After I returned from travel teaching and the Vegas convention, the huge task of getting my studio back in order loomed ahead.   I always need a few days after these long trips to rejuvenate and refresh.  Travel time is a great opportunity to plan new projects and gear up for the next round.  I pulled out the unfinished design and re-evaluated it.  It had good bones, but definitely lacked what I call that “POP” that takes it from ordinary to exciting.

Because I had nothing to loose, I opted to play with some stamping around the edges.  This was a huge improvement, but still needed more impact.  I used the white Uni-ball pen to enhance the stamping.  I was excited with the results…however…still needed more.  Sooooo…it was time again to “give it a rest”!Stamping.jpg

A couple weeks have passed and I focused my attentions again to finishing the piece. Today would be the day, either sink or swim!!  At this point, I knew that I needed to add a few more elements in the background and maybe some word art.  I had been jotting down different “sayings” and selected the one I wanted to use.  I added the background elements, painted the words, added a drop shadow and finished with some beautiful Glamour Dust.  I took a good look at the “finished” project and am quite pleased!Lettering.jpg

This whole process was unusual for me.  Normally, I “see” a design in my mind, sit down and paint it.  This one was quite obstinate!  However, we all need a challenge and I was determined to not give up.  Now that it is finished, I feel quite proud of myself for persevering, a little like Rocky!!

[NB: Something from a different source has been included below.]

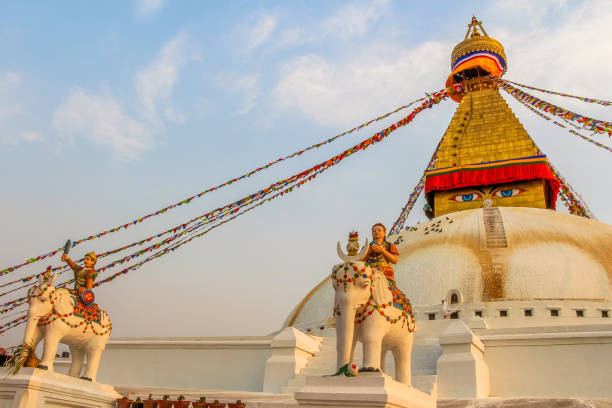 Bouddha Stupa at sunset in Kathmandu Boudhanath Stupa (also known as Bouddha Stupa or Khasti Chaitya) at sunset in Kathmandu city, Nepal. Prayer flags sways on the wind. No people. Religious architecture theme. stupa stock pictures, royalty-free photos & images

So, if you are painting a project and it just doesn’t seem to be cooperating, GIVE IT A REST!  Taking a break from a project doesn’t mean that you quit painting, it just means that you are switching gears.  While working on different designs, the brain can be analyzing and evaluating the problem child.  The satisfaction achieved is such a good feeling.  So remember, “giving it a rest”, isn’t giving up, it’s giving that creative energy time to figure it all out!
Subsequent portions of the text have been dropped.